Best solution is a VPN, virtual private network.
Original application: Company has offices in two or more places, say NY and LA; you want employees in one office to access servers in the other. A few decades back, big companies did this with leased lines, building a Private Network. These are secure if either the phone company is trustworthy (often they are not, see for example
http://www.eff.org/issues/nsa-spying) or if you put a box on either end of the link to encrypt as it leaves one office, decrypt when it reaches the other.
A /virtual/ private network or VPN does basically the same thing but using the Internet instead of a leased line. Both offices have firewall machines; make those encrypt as it leaves one office, decrypt when it reaches the other. Now everything that passes over the Internet is encrypted, so presumably secure.

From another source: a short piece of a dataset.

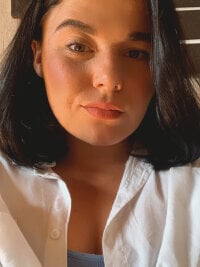 BestAmalia000's Offline Chat Room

The other VPN application is the "road warrior". Your sales person is somewhere with a laptop; make that laptop encrypt/decrypt and he can access the corporate network securely.
That's basically what you are buying when you get a VPN service; your machine acts as the road warrior and they provide one or more servers you can connect to securely. Those servers then connect you to Facebook or whatever. The server-Facebook connection is outside China, not censored.
Everything passing through the Great Firewall is encrypted, so they cannot censor it short of shutting down the connection entirely. I'd say they are quite unlikely to do that since most companies rely on VPNs.
Of course the devil's in the details and there are lots of details here, but there are standards (IPsec and SSL/TLS) that have been carefully designed, extensively tested and thoroughly analysed, so there's some hope of getting it right.
I'd use Witopia (
http://www.witopia.net/welcome.php) basicaly because ther "about" page says "Founded in early 2003 by former UUNET Managers, ..." and I know UUnet. I'd pick their $60/year SLL VPN because I trust SSL much more than PPTP.
There are many other vendors with a range of prices and features and Witopia have other plans from $40/year to $200 for the hardware then $99/year.